Banyak keluarga hidup dari satu atau dua sumber penghasilan yang sangat bergantung pada musim. Saat panen bagus, ada napas. Saat gagal panen atau harga jatuh, hidup langsung terasa sempit. Tidak ada tabungan yang cukup, tidak ada jaminan. Yang ada hanya harapan agar besok harga membaik.

Ironinya, ketergantungan ini dibiarkan berlangsung lama. Seolah wajar jika ekonomi rumah tangga rakyat kecil bergantung pada fluktuasi komoditas. Tidak ada upaya serius untuk memperkuat pengolahan hasil, memperluas jenis usaha, atau menciptakan sumber pendapatan yang lebih stabil. Petani terus disuruh sabar, konsumen disuruh maklum.
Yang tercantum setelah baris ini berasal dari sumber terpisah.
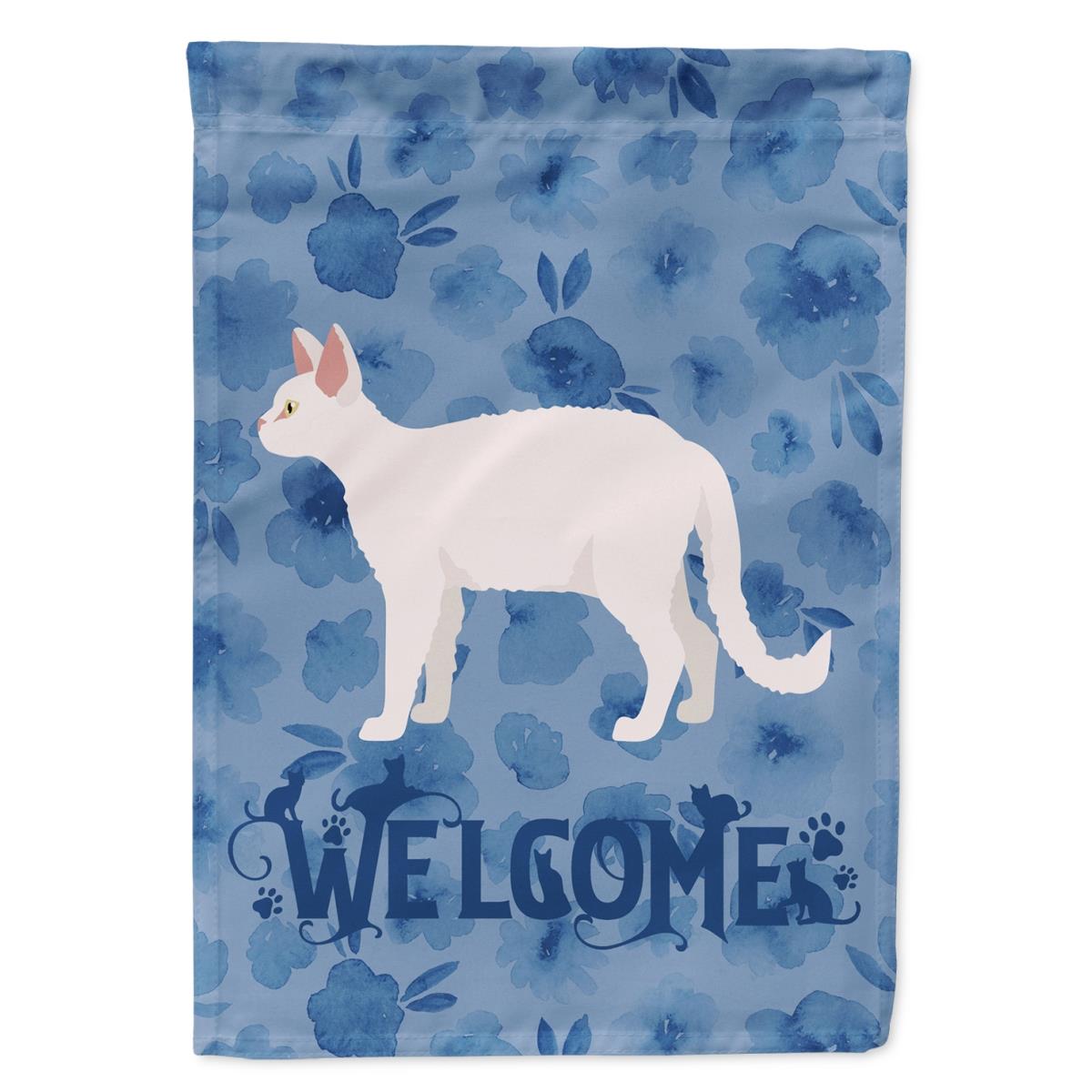 28 x 0.01 x 40 in. White Devon Rex Cat Welcome Flag Canvas House Size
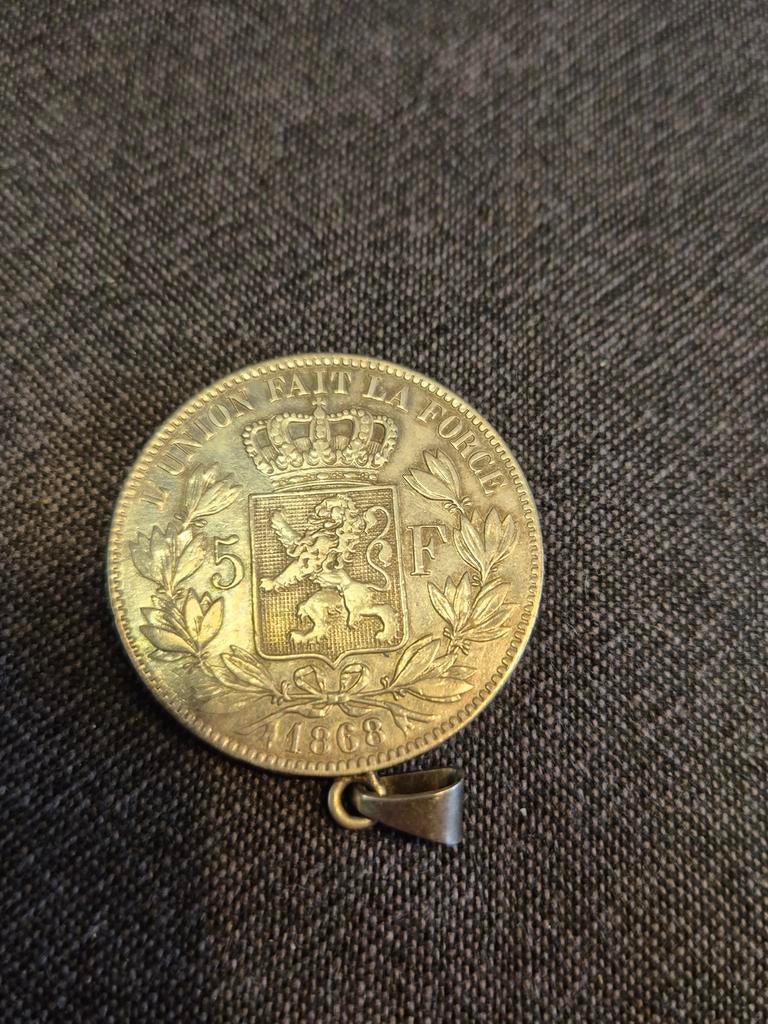 5 francs Leopold 2 1868 uit hanger, Postzegels en Munten, Munten | België, Ophalen, Zilver, Losse munt, Zilver
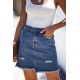 Blue Pocketed Raw Hemline Short Denim Skirt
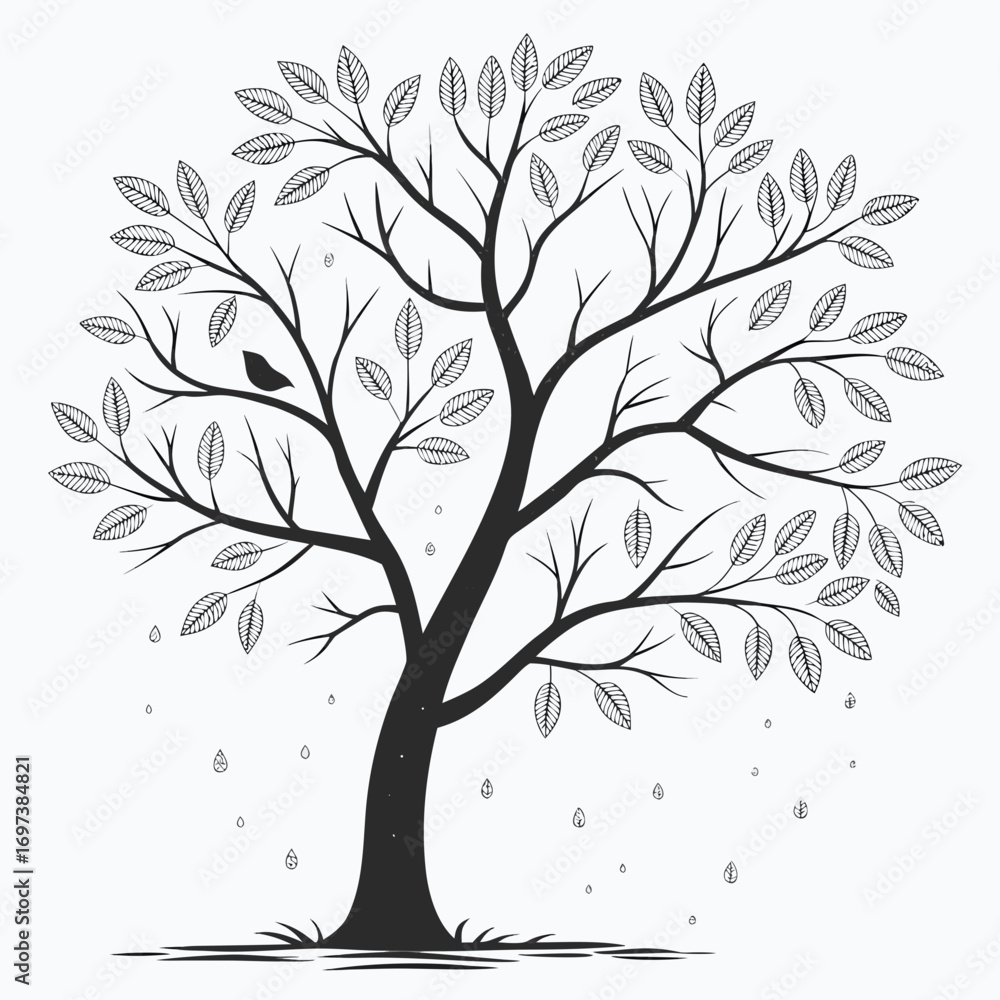 Obraz premium Vector art of stylized tree with black leaves and raindrops, a whimsical and charming illustration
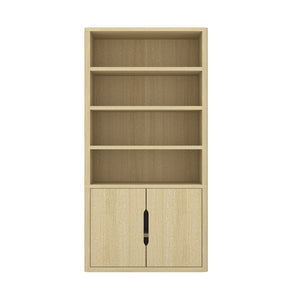 English Elm Rivington 40" Natural Oak Bookcase Cabinet - Modern Storage With Adjustable Shelves & Soft-Close Doors B365S00020-GIGA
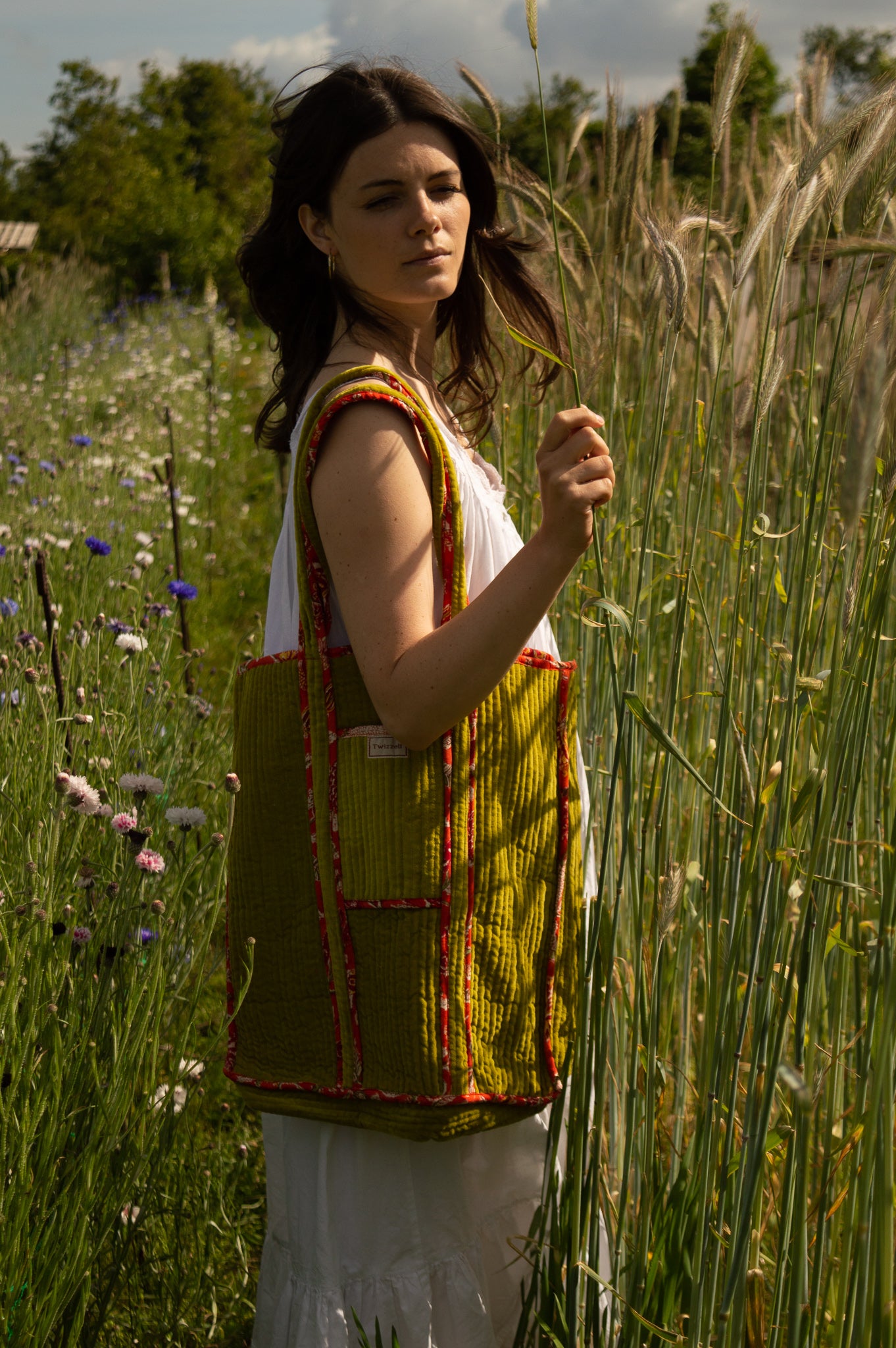 Velvet Reversible Bag - Lime Green and Orange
Di pasar, cabai bisa melonjak tanpa peringatan. Di dapur, ibu rumah tangga harus memutar otak. Porsi dikurangi, menu disederhanakan, keinginan ditunda. Hal-hal kecil, tapi jika terjadi terus-menerus, ia menggerogoti rasa aman. Hidup menjadi soal bertahan, bukan berkembang.

Yang lebih menyedihkan, saat harga cabai mahal, petani tidak selalu menikmati keuntungan. Rantai distribusi terlalu panjang. Tengkulak lebih cepat menyesuaikan harga daripada petani. Ketika harga anjlok, petani paling dulu terpukul. Ketika harga naik, konsumen yang disalahkan. Sistemnya sendiri jarang disentuh.

Masalah ini bukan soal cabai semata. Cabai hanya simbol dari ekonomi rumah tangga Garut yang rapuh. Ketika satu komoditas bisa mengacaukan banyak hal, itu tanda bahwa fondasi ekonominya lemah. Terlalu bergantung, terlalu sempit, dan minim perlindungan.

Garut sebenarnya punya banyak potensi. Bukan hanya menjual hasil mentah, tapi mengolah, menyimpan, dan mengatur ritme ekonomi sendiri. Tapi selama kebijakan lebih sibuk meredam gejolak sesaat daripada membangun kekuatan jangka panjang, cerita ini akan terus berulang.

Selama harga cabai masih bisa mengatur emosi satu keluarga, berarti kita belum benar-benar membangun ekonomi yang manusiawi. Ekonomi yang sehat seharusnya memberi rasa tenang, bukan cemas setiap kali masuk pasar. Dan rasa tenang itu, sampai hari ini, masih menjadi barang mahal bagi banyak rumah tangga di Garut.